----- Supplied data -----

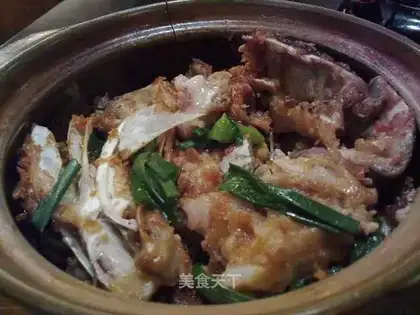 Fish Head Casserole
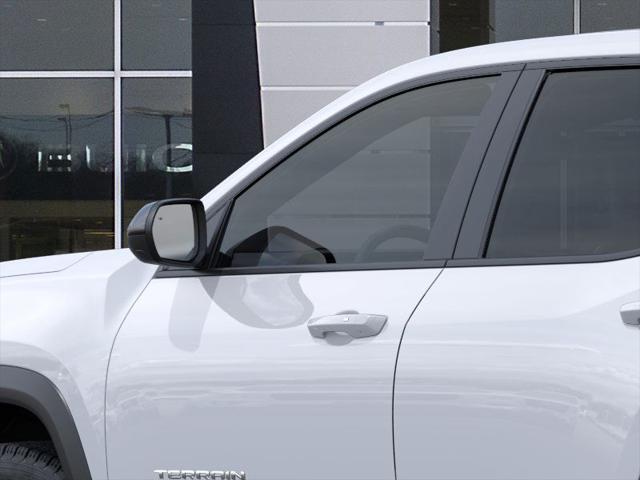 new 2025 GMC Terrain car, priced at $29,650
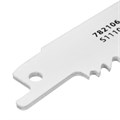 Полотна по дереву для сабельной пилы 4444 - S1110DF, 210 x 4.2 мм, 2 шт. Gross 22298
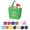 Non-Woven Budget Shopper Tote Bag
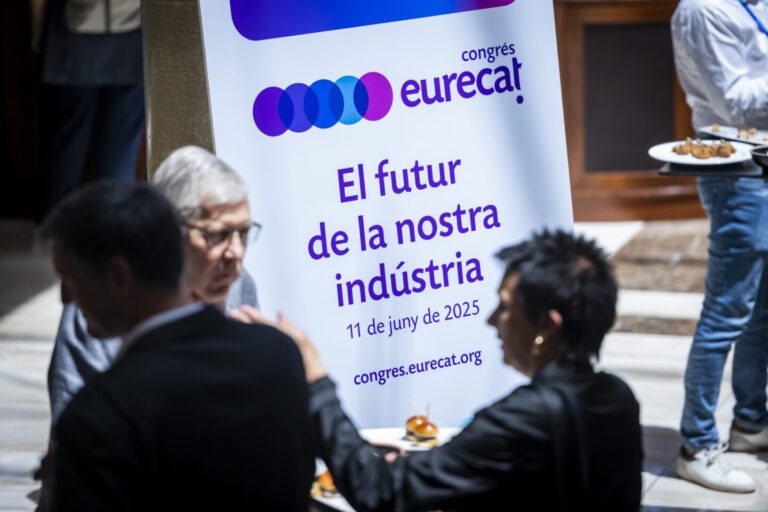 Portada III Congrés Eurecat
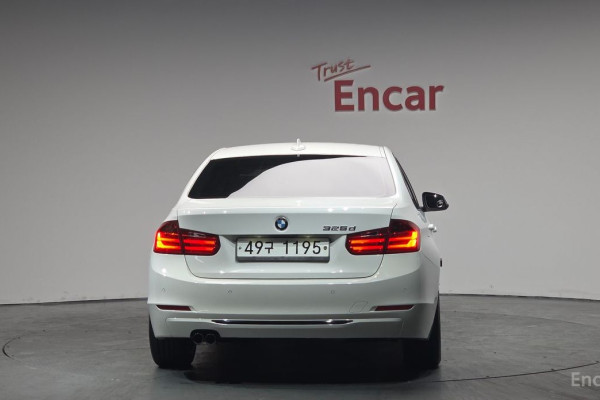 2014 BMW 3 серии с пробегом 99 756 км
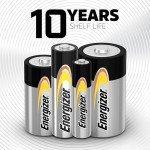 Energizer AAA Batteries 20 Pack - Long Lasting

-----

▶ **About this exercise**:
Could you set down nothing but the lines from the one containing "Полотна по дереву" through the last line of the records above, both ends included, exactly as given and free of pictures?

▶ **Answer for the task**:
 Полотна по дереву для сабельной пилы 4444 - S1110DF, 210 x 4.2 мм, 2 шт. Gross 22298
 Non-Woven Budget Shopper Tote Bag
 Portada III Congrés Eurecat
 2014 BMW 3 серии с пробегом 99 756 км
 Energizer AAA Batteries 20 Pack - Long Lasting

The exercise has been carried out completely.